Zaten okumuş, özgürlük ve eşitlik gibi kavramlara az da olsa destek veren her insan ayetleri dönemin koşulları vb şeklinde yorumlarla yumuşatmaya çalışıyor. Dönemin Kuran'ı kol kesmeyi hak görmüş, şimdi ne yapacağız? Yine bu ayeti okuyup yorumlayanın beynine bakmayacak mıyız? İster, Kuran değiştirilemez diyen radikallerden olur ister ılımlı takılır. Yani, Kuran bulunduğu haliyle tamamiyle yetersizdir.
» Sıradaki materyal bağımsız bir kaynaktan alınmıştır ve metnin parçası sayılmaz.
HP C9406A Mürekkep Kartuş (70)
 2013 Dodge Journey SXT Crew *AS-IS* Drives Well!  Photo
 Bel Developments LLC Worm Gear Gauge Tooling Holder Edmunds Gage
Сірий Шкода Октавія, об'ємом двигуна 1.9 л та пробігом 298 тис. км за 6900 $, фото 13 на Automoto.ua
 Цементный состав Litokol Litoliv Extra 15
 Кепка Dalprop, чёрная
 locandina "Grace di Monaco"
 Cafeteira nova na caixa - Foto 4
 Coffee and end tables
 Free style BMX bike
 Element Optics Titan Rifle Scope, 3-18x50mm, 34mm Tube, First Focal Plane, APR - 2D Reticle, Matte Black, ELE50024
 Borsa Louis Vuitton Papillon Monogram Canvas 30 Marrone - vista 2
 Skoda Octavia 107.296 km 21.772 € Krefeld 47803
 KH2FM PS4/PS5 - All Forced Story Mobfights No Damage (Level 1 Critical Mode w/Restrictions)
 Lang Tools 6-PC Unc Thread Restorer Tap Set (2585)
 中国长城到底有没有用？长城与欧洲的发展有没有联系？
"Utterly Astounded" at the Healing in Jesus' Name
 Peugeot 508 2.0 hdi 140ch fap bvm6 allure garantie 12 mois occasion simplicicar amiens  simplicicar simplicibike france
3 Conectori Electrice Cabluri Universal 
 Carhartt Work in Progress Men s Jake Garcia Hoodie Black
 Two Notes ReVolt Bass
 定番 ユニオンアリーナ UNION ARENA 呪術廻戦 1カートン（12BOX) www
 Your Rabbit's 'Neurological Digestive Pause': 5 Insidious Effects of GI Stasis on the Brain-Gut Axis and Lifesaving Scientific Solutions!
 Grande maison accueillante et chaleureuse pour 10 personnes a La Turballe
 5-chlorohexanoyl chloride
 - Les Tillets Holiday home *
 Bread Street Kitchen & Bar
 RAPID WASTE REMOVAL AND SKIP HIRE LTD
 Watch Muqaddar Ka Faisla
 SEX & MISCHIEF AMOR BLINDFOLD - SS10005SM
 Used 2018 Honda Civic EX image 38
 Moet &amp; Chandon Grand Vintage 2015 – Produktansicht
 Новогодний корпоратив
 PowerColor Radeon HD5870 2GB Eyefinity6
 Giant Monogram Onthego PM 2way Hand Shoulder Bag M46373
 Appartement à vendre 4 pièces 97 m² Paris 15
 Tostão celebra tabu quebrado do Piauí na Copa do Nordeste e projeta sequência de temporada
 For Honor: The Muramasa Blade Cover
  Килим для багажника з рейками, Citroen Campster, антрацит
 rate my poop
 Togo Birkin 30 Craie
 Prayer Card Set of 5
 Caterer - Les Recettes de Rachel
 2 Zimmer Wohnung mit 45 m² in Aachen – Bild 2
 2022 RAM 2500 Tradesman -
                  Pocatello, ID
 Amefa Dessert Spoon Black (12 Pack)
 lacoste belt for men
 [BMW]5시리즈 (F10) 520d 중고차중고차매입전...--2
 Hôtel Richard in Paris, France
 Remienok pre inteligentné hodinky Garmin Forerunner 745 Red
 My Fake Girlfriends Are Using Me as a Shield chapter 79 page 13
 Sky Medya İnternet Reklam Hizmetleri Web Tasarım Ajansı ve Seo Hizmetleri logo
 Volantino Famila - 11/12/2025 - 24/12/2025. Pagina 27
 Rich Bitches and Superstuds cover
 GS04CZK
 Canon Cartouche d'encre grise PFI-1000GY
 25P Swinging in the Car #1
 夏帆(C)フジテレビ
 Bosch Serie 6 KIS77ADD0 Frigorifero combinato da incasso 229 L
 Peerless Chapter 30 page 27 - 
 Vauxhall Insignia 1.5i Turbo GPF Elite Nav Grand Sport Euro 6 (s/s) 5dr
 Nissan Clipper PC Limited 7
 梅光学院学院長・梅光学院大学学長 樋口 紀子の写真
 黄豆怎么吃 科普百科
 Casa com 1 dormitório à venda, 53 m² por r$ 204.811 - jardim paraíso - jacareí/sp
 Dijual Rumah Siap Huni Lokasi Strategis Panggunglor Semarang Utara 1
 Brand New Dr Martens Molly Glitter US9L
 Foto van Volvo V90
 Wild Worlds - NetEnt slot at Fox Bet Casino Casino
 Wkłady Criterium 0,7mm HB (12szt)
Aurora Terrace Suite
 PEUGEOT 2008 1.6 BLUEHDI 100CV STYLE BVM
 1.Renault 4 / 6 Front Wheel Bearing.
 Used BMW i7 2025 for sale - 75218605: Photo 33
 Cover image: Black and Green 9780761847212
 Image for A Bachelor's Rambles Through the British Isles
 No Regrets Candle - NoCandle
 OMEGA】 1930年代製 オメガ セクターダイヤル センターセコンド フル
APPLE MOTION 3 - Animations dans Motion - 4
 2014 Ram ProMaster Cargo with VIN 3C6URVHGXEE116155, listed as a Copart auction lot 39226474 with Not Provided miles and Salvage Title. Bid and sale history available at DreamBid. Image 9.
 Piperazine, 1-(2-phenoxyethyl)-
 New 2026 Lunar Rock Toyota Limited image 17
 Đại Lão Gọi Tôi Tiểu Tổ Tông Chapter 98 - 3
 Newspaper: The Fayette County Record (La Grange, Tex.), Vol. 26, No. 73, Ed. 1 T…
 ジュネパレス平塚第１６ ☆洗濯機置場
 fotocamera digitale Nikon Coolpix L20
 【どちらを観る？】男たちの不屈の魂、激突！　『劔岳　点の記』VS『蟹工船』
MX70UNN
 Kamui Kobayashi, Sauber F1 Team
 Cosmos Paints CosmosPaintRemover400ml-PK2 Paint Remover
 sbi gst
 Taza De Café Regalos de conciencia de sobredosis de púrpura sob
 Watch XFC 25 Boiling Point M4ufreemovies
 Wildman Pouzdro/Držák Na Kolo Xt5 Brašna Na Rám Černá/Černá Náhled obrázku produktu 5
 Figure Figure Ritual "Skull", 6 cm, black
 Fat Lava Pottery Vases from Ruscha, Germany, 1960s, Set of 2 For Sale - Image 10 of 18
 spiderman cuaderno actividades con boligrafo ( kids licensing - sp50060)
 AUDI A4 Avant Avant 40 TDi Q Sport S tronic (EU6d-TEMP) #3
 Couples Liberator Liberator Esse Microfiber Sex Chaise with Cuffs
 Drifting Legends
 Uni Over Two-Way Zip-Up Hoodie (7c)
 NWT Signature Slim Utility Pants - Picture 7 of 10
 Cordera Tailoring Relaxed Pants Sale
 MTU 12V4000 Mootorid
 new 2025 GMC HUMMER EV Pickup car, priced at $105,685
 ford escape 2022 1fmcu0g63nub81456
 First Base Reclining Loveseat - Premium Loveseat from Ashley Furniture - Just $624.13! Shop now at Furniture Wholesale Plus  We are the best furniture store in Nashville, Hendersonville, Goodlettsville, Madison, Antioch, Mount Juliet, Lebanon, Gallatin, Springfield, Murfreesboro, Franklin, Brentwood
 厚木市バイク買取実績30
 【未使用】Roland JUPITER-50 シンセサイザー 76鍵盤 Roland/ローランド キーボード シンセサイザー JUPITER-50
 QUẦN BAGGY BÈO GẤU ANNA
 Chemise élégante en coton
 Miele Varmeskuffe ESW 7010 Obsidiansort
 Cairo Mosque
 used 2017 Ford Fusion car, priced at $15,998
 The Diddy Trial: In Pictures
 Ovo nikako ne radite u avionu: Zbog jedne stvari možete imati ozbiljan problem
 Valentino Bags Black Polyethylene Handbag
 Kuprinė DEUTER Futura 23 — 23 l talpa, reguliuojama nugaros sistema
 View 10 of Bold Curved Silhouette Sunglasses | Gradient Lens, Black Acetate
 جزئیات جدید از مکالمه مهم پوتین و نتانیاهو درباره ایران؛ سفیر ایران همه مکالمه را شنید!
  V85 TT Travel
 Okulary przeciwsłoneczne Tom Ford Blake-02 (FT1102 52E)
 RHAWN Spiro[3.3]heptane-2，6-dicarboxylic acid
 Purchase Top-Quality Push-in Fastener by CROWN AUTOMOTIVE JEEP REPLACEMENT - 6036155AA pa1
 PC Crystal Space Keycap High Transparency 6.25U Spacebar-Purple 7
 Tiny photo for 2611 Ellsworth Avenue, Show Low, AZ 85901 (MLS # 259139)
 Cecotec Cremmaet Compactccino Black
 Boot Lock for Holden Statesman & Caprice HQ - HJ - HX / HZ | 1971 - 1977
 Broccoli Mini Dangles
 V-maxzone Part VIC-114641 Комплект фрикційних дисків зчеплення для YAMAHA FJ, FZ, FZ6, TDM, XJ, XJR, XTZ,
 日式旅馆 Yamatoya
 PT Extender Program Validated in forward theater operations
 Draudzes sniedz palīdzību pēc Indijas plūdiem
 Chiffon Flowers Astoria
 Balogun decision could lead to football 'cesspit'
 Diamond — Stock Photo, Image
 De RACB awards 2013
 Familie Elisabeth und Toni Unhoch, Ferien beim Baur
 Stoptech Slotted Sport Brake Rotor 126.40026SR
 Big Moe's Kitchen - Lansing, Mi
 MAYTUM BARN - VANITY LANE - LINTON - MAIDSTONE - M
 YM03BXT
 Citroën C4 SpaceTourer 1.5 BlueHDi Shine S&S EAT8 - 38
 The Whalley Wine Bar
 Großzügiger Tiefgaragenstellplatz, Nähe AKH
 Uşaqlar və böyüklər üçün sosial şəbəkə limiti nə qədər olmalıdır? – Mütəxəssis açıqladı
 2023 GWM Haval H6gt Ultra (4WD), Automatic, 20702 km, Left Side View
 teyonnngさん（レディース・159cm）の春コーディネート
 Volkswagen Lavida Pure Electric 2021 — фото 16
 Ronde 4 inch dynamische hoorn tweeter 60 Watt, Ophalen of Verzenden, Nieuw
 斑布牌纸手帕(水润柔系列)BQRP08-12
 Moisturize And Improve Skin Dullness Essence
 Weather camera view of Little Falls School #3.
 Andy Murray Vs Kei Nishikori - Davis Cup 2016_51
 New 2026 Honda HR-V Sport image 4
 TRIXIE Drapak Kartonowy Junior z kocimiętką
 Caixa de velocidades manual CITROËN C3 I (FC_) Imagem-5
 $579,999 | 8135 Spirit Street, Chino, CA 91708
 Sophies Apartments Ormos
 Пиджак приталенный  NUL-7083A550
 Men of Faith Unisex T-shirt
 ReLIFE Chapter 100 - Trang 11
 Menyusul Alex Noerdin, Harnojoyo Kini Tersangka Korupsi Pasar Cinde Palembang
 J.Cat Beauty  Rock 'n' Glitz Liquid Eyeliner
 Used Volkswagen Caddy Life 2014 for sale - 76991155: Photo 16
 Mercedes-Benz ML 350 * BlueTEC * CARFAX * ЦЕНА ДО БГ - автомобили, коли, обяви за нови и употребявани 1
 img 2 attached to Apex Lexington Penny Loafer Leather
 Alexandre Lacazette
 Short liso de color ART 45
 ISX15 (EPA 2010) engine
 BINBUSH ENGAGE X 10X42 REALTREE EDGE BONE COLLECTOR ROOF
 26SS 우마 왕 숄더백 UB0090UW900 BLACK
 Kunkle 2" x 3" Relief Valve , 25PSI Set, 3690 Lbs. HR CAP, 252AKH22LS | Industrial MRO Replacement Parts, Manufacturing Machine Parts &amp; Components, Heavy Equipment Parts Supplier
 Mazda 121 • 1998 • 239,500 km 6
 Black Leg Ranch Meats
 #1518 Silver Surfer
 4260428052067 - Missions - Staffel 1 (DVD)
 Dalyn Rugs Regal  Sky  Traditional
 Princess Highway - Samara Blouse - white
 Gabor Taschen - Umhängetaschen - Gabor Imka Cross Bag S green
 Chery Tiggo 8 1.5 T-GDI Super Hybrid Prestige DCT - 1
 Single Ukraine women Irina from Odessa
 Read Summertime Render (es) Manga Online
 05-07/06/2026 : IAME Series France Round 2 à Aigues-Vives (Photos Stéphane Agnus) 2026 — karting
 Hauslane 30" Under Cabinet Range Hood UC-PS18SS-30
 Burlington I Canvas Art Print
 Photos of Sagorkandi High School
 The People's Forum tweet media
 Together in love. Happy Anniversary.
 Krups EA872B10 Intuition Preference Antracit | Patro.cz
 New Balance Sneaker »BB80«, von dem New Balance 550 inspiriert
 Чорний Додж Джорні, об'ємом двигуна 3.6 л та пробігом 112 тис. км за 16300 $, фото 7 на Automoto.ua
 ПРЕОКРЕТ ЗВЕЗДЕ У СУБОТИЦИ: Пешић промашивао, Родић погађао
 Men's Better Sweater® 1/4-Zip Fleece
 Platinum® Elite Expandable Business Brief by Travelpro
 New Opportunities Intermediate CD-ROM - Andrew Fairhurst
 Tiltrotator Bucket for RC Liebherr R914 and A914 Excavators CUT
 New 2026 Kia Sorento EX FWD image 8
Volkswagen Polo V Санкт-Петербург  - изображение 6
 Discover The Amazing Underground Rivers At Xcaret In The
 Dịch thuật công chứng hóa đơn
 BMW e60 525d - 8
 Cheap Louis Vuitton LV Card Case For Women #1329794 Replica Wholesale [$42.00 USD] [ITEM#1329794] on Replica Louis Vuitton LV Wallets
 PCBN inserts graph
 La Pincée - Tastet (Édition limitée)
Sayfalarca açıklama ve ek yoruma ihtiyaç duyar.

8 yaşında ki kız hakkında sana onlarca söylediğinin tersi şeklinde olayı yorumlayan din adamı söyleyebilirim.
Diyelim ki miras konusu söylediğin şekilde işliyordu, (ki bana göre tersi bir durumu, yani kadınında yönetici, idare eden, sorumlu olan kişi olma olasılığını göze almalı, buna ilişkin gerekirse başka bir ayetde kaleme almalıydı, zor değil, bir sıra fazla tutardı) o halde o dönemin sonlanmasıyla işi bitmeliydi. Ek bir açıklamaya ihtiyaç duymadan Kuran'dan sonuç çıkarabiliyor muyuz? Hayır. Alim, ulema vb lazım. Ki her biri diğerini mürted ilan etmiş. Sırf Ali ile Osman arasında ki düşmanlık bile, Peygamber ile İslam'ın da öldüğünü anlamak için yeterli.

Buluğ çağı felan bilmem ben. 8 yaşında ki bir çocuk, çocuktur. Gerektiğinde "idealist" bir insan gibi gösterilen peygamber bunu bilmeliydi.
Üstelik, bir de emirler daha yüce olan makamdan, Tanrı'dan geliyor. Ben ondan kutsal, ön görü sahibi olmasını beklerdim. En azından bir on yıl sonrasını hesaplayabilmeliydi. Kitabının her elde farklı bir cisme bürüneceğini, yazdığı, sözde dönemin şartlarına getirilen kuralların recme, asılıp kesilmeye vardığını, insanların suçsuz yere öldürüldüğünü kestirebilmeliydi.

Cariye olayına değinmemişsin. Bunada yine solcu takılan Müslümanlar çok kılıf buluyor. Aslında yavaş yavaş sonlandırılmaya felan çalışılıyordu diye. Olmaz böyle. Ne anlamı kaldı ki. Bu yeni bir kitap demek. Kuran gitti, yorumlayıcıları kaldı. Onun yerine ZeyMurEl'in anayasa kitabı de, Kuran zaten "o dönem, o ergenlik çağı, o kadın vb" derken unutuldu gitti.

Peygamberide katarsan yönetim şekline, devlete yeni bir Afganistana merhaba de. Sana hadis yollayayım istersen, şu, direkt hadisleri reddedenler dışında kimsenin "inanmam" diyemeyeceği kaynaklardan, Buhari felan. Kabul edersen, şaşıracağım.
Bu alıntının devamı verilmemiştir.